### [How to complete this task]
Nothing outside the lines below from the one containing "OAKDENE, PRESTON NEW" through the one containing "Floor plan for Mobilgatan 8B" is to be printed; print those exactly, ends included, and drop the pictures.
START Records supplied
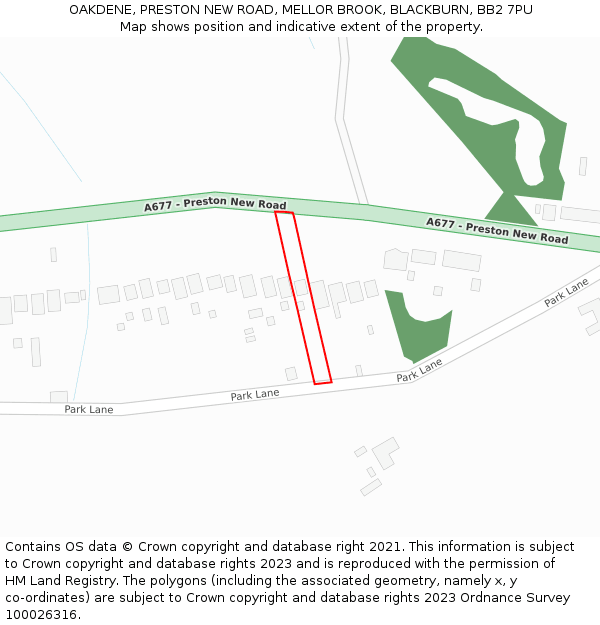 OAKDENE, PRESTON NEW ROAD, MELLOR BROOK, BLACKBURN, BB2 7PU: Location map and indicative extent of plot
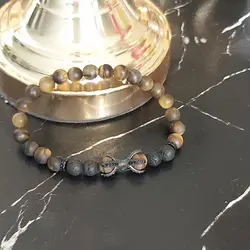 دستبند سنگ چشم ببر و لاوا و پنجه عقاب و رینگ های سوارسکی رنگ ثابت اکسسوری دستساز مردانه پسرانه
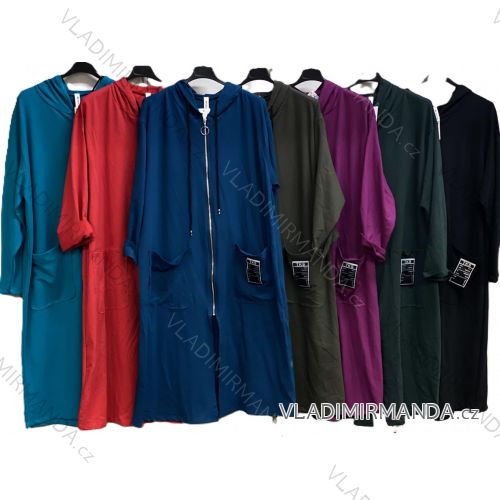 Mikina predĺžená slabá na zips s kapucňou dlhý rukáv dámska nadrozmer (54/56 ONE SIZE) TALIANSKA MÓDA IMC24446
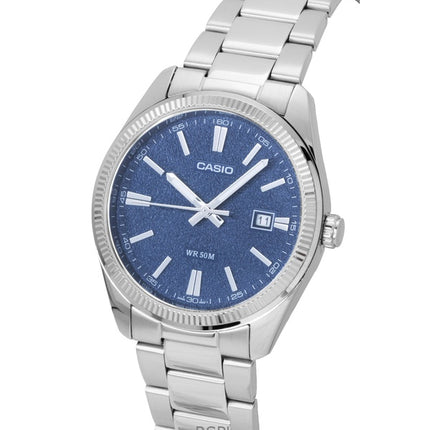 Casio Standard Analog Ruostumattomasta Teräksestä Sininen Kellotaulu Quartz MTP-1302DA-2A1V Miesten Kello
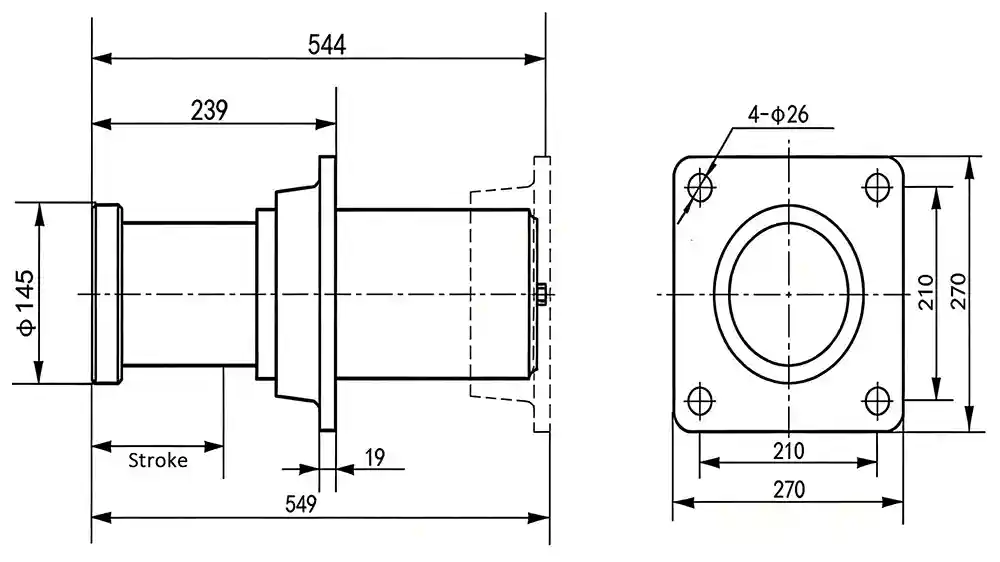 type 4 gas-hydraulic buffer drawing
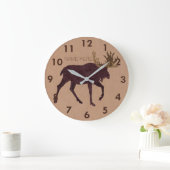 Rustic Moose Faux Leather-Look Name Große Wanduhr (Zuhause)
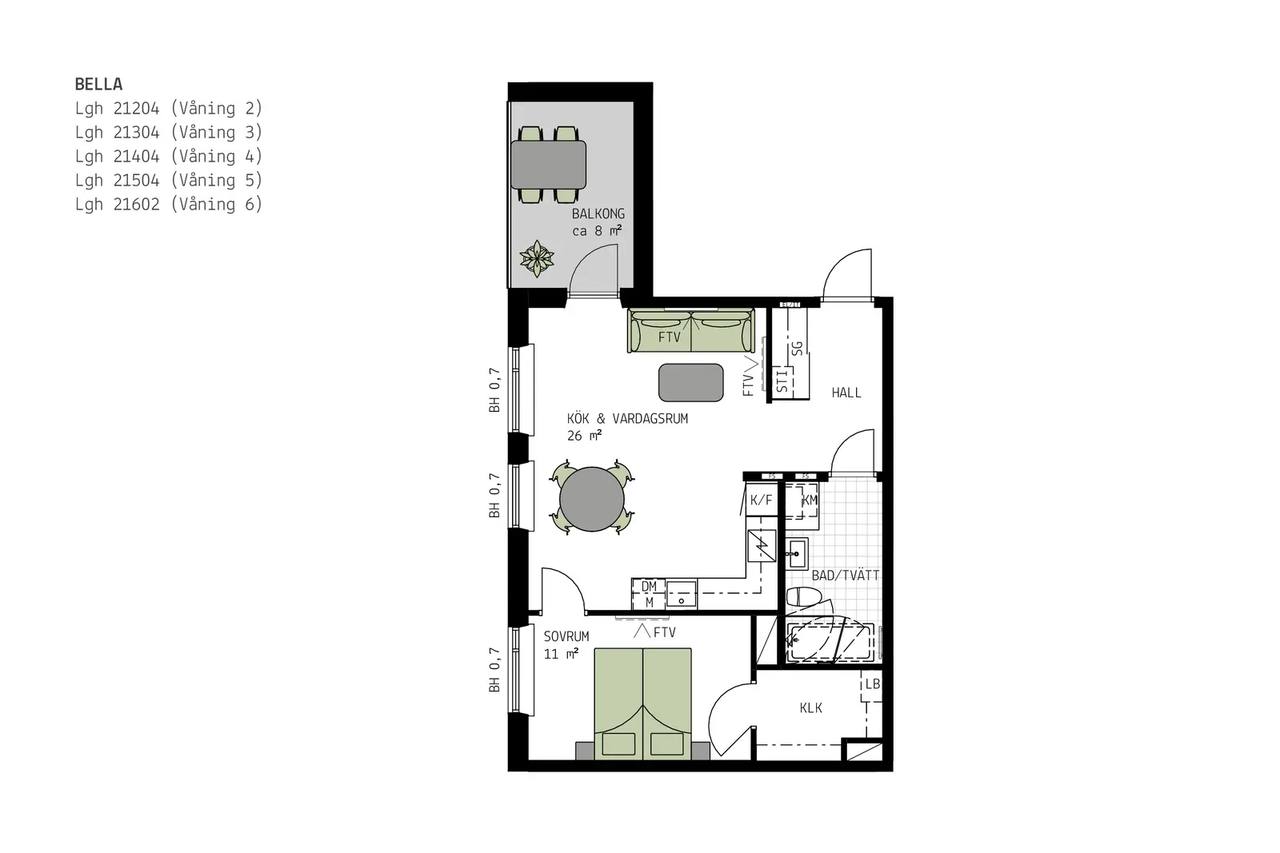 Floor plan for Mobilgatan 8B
END Records supplied
START Records supplied
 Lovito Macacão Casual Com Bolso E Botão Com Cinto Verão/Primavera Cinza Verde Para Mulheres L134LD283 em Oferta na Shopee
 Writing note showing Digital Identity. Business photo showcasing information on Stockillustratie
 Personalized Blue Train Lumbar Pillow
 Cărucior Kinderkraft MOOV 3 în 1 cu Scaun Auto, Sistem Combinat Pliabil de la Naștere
END Records supplied
### [Result of the task]
 OAKDENE, PRESTON NEW ROAD, MELLOR BROOK, BLACKBURN, BB2 7PU: Location map and indicative extent of plot
 دستبند سنگ چشم ببر و لاوا و پنجه عقاب و رینگ های سوارسکی رنگ ثابت اکسسوری دستساز مردانه پسرانه
 Mikina predĺžená slabá na zips s kapucňou dlhý rukáv dámska nadrozmer (54/56 ONE SIZE) TALIANSKA MÓDA IMC24446
 Casio Standard Analog Ruostumattomasta Teräksestä Sininen Kellotaulu Quartz MTP-1302DA-2A1V Miesten Kello
 type 4 gas-hydraulic buffer drawing
 Rustic Moose Faux Leather-Look Name Große Wanduhr (Zuhause)
 Floor plan for Mobilgatan 8B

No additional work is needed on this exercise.